Deshalb gibt es keine Zweifel: Bund und Länder haben hier gemeinsam gehandelt. Die Vorgaben hat der Bund erteilt. Herr Al-Wazir, es kann keinen Zweifel geben, dass für allfällige Folgen der Bund verantwortlich ist – damit das auch klar ist.
Ich habe diese Frage in der ersten Begegnung erörtert und klargestellt. Das ist meine Verantwortung. Da geht es nicht um die Frage, ob man unter Parteifreunden zusammensitzt. Das unterscheidet uns vielleicht gelegentlich.
Ich habe an vielen Stellen gesagt: Erst kommt das Land und dann die Partei. – Genau so machen wir das.
Und weil das alles so ist, gibt es keinerlei Anlass, dass Frau Kollegin Puttrich, die sehr sorgfältig in der Verantwortung für die Sicherheit der Menschen gehandelt hat, sich unwidersprochen diese Vorwürfe anhören muss, und es gibt schon gar keine Veranlassung, dass Frau Puttrich hier die von Ihnen gewünschte Konsequenz zieht. Frau Puttrich genießt das vollste Vertrauen von mir und auch der gesamten Landesregierung.

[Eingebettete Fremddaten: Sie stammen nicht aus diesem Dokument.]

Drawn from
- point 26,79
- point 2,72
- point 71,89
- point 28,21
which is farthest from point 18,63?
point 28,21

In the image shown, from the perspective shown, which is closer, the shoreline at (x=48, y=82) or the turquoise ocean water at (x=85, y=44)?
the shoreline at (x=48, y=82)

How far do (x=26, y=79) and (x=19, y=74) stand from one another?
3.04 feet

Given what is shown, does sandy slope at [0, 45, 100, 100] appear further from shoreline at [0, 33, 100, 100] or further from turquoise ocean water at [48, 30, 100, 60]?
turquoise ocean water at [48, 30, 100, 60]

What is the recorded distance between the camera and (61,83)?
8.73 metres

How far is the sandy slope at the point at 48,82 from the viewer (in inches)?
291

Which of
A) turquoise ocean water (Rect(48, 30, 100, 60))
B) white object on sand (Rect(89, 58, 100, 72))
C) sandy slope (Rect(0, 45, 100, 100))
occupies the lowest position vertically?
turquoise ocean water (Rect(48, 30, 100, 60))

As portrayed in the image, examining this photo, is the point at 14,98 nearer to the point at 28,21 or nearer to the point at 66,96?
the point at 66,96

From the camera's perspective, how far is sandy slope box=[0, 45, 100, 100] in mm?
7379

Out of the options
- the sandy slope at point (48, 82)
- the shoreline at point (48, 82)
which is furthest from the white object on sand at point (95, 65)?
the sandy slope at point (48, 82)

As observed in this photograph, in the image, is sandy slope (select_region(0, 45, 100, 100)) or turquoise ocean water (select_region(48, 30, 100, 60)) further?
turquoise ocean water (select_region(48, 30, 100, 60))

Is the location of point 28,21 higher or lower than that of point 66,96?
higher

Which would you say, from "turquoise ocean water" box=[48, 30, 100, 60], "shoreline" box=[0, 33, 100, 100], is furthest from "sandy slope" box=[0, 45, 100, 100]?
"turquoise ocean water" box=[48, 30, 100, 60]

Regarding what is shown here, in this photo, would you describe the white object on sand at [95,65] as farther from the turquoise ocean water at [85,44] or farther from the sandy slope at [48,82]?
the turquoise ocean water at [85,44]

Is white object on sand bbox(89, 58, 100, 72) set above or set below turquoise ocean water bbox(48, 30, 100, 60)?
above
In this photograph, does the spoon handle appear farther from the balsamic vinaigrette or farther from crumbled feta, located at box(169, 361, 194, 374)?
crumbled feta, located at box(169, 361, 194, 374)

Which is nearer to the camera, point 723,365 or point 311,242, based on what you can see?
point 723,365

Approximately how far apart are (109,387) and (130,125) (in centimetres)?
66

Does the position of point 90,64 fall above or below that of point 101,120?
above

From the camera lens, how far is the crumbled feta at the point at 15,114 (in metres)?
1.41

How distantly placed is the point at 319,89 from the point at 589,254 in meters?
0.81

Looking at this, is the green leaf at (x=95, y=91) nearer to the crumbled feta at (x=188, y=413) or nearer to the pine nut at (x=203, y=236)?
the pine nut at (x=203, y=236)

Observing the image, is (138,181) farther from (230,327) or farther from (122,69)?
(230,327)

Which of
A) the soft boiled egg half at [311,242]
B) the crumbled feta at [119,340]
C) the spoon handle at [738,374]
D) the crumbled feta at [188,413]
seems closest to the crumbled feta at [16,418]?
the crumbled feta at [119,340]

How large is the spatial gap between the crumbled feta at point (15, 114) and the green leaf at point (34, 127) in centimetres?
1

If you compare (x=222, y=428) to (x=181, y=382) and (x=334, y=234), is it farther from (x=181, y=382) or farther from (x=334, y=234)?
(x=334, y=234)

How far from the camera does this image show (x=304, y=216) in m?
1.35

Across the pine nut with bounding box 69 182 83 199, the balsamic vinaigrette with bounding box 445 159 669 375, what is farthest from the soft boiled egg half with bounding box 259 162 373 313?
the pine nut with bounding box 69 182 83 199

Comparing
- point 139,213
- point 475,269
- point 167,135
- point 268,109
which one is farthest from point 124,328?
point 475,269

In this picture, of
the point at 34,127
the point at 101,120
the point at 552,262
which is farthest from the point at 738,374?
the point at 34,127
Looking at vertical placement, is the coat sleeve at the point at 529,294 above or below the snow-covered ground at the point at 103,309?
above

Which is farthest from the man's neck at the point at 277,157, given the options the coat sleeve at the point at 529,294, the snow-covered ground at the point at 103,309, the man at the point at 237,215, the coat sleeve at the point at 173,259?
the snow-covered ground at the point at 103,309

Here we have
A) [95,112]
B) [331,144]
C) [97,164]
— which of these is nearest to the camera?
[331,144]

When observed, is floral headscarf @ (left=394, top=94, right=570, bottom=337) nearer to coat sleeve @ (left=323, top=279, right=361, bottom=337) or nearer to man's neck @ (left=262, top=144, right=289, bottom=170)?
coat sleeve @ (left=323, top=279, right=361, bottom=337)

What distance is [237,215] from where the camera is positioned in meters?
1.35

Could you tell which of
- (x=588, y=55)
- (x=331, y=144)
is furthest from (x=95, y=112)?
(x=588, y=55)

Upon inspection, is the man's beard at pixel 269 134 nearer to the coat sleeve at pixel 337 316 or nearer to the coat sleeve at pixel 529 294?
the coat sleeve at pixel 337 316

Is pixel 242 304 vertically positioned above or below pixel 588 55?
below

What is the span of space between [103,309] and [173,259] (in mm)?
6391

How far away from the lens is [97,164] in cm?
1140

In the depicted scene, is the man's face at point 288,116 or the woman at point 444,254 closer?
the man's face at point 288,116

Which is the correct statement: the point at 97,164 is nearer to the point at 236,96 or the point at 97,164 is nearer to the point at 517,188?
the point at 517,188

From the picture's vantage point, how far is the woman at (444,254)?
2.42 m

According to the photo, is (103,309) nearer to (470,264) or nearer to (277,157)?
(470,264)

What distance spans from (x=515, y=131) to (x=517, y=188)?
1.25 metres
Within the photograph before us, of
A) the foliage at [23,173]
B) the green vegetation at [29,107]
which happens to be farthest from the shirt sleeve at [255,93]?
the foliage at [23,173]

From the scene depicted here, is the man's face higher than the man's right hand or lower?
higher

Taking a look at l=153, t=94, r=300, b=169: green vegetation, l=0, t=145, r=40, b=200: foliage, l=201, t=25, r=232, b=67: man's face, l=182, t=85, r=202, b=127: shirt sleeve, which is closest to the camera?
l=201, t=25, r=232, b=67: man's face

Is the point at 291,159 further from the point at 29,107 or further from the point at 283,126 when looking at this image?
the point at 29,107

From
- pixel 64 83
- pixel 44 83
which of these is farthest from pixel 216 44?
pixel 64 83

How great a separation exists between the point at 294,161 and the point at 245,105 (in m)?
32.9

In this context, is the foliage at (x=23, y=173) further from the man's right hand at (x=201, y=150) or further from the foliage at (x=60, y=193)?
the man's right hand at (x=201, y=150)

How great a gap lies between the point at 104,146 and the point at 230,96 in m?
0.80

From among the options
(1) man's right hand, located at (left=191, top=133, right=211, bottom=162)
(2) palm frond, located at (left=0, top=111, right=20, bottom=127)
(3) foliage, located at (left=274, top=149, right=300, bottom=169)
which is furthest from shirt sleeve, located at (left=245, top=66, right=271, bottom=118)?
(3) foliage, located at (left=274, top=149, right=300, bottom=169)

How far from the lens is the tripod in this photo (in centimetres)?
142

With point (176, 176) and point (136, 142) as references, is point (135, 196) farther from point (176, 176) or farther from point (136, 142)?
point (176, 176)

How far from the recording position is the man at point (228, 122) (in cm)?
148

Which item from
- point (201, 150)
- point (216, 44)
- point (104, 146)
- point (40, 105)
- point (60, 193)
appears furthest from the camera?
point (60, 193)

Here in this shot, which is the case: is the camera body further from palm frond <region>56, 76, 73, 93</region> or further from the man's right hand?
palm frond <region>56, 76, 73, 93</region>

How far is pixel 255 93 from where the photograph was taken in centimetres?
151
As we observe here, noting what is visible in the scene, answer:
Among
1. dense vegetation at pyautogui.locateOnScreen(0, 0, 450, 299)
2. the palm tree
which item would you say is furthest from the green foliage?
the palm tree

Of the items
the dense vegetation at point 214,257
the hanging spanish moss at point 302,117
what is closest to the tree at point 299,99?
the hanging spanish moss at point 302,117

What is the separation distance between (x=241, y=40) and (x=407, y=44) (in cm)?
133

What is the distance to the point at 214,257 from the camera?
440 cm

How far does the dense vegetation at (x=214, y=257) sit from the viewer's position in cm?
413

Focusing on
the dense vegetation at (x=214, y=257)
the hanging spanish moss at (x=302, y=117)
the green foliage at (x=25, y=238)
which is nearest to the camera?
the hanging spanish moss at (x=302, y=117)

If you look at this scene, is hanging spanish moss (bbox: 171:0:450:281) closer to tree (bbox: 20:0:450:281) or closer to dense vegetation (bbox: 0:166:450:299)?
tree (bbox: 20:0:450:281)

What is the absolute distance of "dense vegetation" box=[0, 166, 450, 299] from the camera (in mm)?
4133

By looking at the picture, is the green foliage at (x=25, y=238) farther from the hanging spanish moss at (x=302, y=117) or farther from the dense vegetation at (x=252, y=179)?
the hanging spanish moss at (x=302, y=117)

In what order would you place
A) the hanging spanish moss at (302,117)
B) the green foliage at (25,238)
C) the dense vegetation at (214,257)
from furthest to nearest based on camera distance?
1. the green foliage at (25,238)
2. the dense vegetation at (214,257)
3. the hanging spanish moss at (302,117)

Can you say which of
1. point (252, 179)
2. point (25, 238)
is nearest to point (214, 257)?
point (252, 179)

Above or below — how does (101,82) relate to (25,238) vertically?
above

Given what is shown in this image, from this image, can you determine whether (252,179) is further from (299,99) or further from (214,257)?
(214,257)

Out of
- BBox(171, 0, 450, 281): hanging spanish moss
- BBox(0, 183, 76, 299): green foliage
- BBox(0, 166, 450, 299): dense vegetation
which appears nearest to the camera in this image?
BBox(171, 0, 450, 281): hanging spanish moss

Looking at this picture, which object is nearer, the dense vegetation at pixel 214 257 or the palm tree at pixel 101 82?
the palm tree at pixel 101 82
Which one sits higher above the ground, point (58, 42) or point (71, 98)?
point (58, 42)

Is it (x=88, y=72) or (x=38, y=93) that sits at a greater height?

Deshalb, meine Damen und Herren, könnte man am Ende vielleicht auf folgende Gemeinsamkeit kommen: Wenn die kurzfristige oppositionelle Freude über Probleme einmal verklungen ist,
dann könnte man sich vielleicht darauf verständigen, dass doch niemand Freude daran haben kann, dass gegebenenfalls eine Folge eintritt, die niemand von uns möchte. Wenn eine Regierung so gehandelt hat, wie alle, die hier sitzen und draußen waren, es ausdrücklich wollten,
ist das kein Anlass für Häme. Das ist kein Anlass für Beleidigung, und es ist schon gar kein Anlass, dass wir uns hier heute von Ihnen unwidersprochen beschimpfen lassen.
Deshalb: Wenn das Urteil vorliegt, werden wir es prüfen. Wir werden uns gemeinsam mit dem Bund beraten. So viel zu Ihren allfälligen Bemühungen, sozusagen am Anfang zu fordern, dass man ohne Rücksicht auf Verluste sofort alles stilllegt, und zwar auf Dauer, um zwei Jahre später pharisäerhaft zu erklären: „Wir haben schon immer Bedenken gehabt.“ Gerade in einem Wahljahr werden wir öfter miteinander zu diskutieren haben.